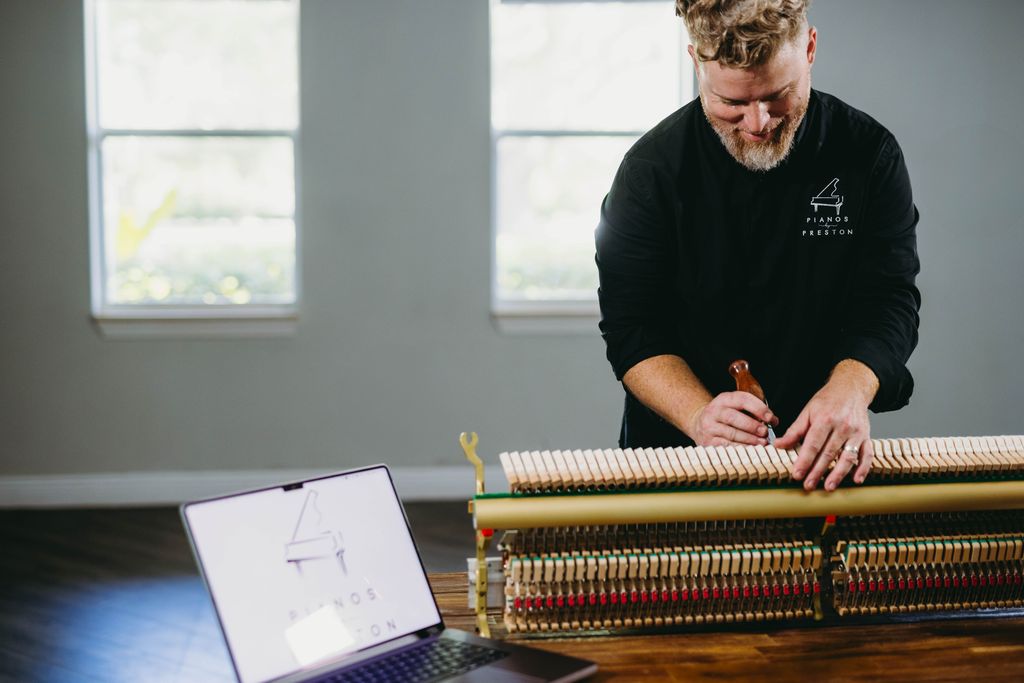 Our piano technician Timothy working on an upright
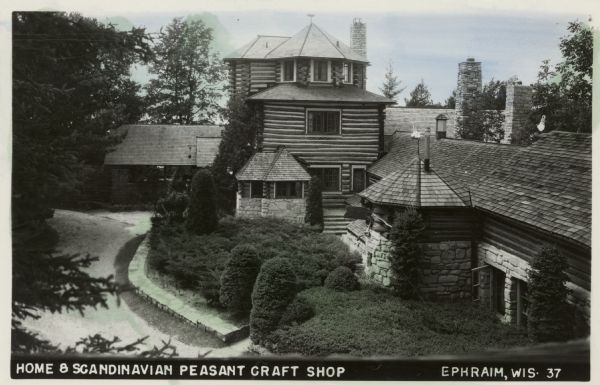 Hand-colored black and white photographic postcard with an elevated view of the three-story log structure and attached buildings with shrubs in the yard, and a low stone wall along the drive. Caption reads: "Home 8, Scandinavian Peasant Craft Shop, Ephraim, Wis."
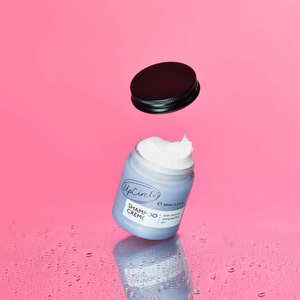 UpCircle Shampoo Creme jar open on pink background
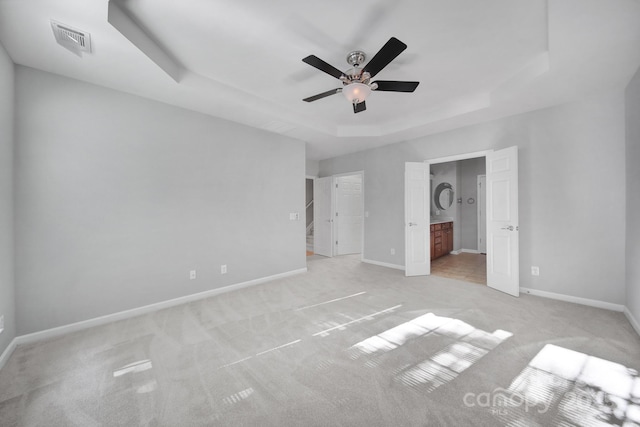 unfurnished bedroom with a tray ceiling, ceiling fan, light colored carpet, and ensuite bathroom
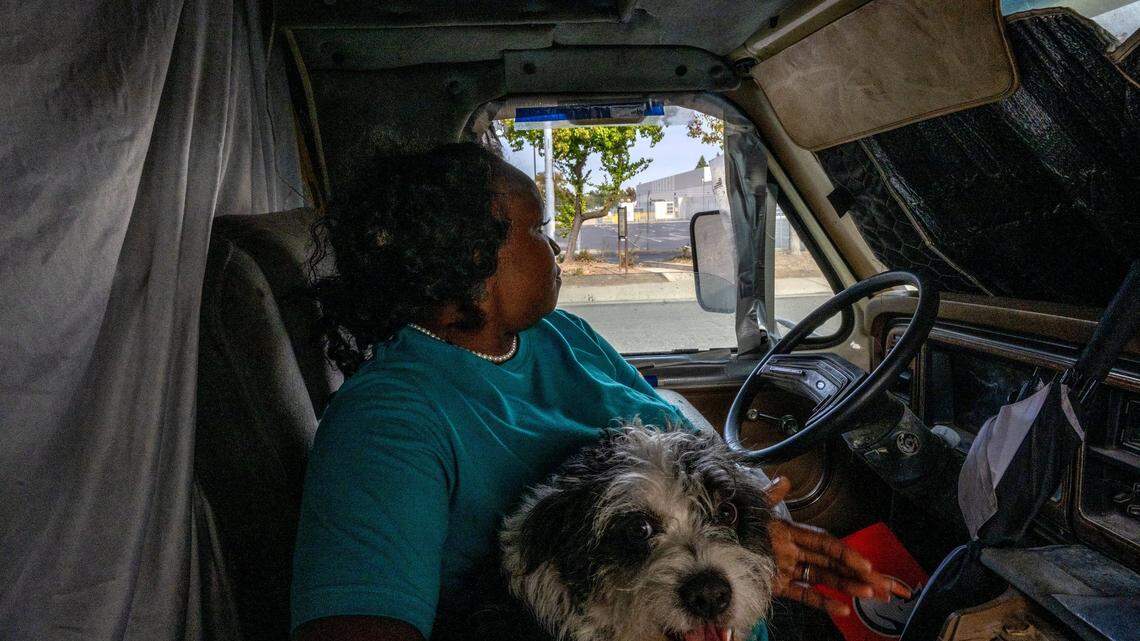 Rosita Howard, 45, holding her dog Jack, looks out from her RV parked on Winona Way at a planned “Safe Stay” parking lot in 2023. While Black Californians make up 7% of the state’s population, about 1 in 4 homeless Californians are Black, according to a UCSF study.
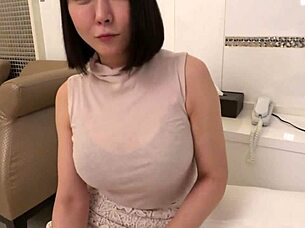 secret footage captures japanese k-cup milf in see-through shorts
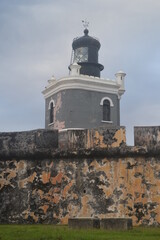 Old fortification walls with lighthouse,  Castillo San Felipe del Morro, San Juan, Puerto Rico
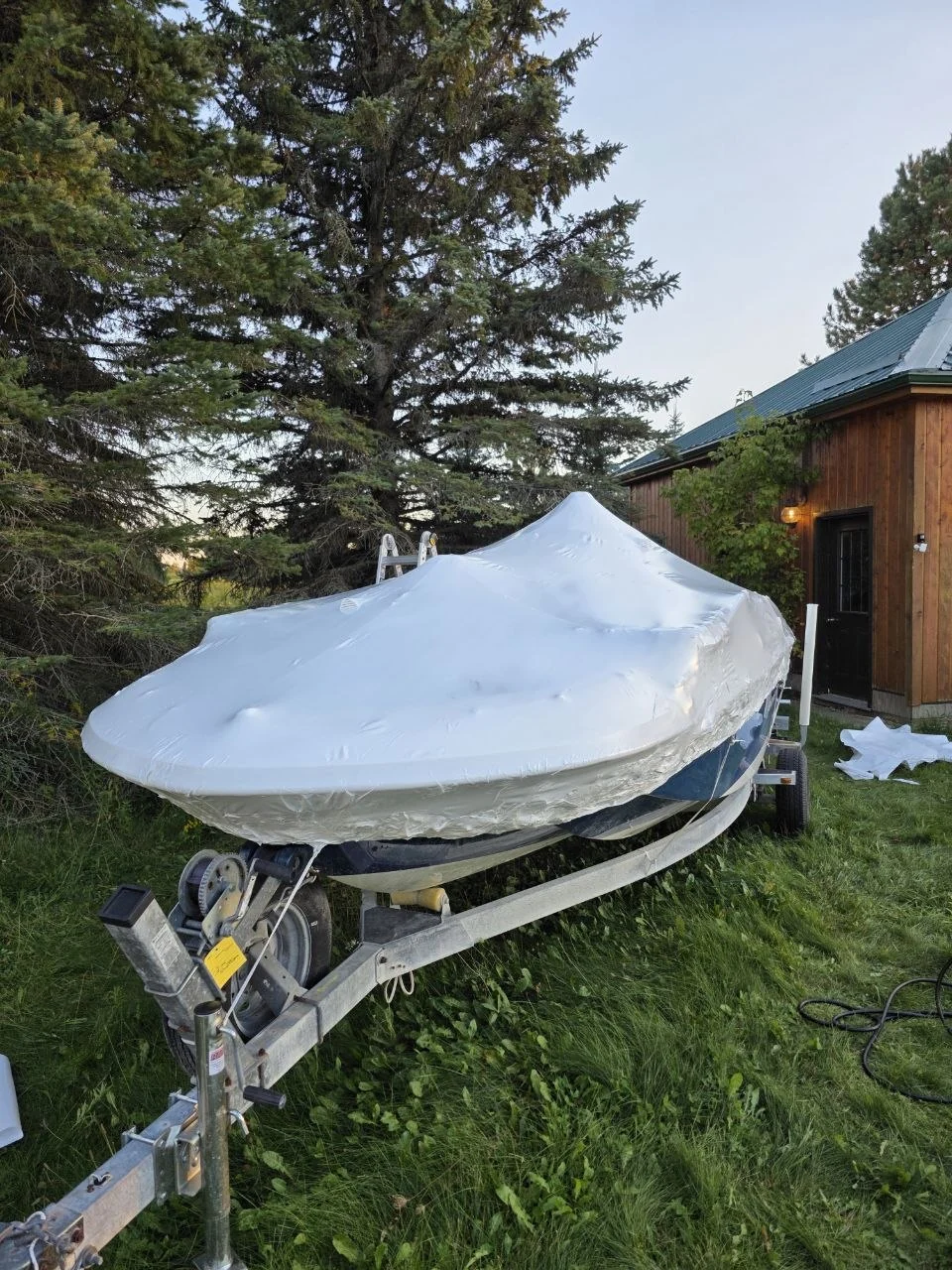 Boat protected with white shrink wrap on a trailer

* * * * * * *

▸ Work to be completed
Exact reproduction of the entries above is required, with pictures excluded.

▸ Task response
 Our piano technician Timothy working on an upright
 Hand-colored black and white photographic postcard with an elevated view of the three-story log structure and attached buildings with shrubs in the yard, and a low stone wall along the drive. Caption reads: "Home 8, Scandinavian Peasant Craft Shop, Ephraim, Wis."
 UpCircle Shampoo Creme jar open on pink background
 unfurnished bedroom with a tray ceiling, ceiling fan, light colored carpet, and ensuite bathroom
 Rosita Howard, 45, holding her dog Jack, looks out from her RV parked on Winona Way at a planned “Safe Stay” parking lot in 2023. While Black Californians make up 7% of the state’s population, about 1 in 4 homeless Californians are Black, according to a UCSF study.
 secret footage captures japanese k-cup milf in see-through shorts
 Old fortification walls with lighthouse,  Castillo San Felipe del Morro, San Juan, Puerto Rico
 Boat protected with white shrink wrap on a trailer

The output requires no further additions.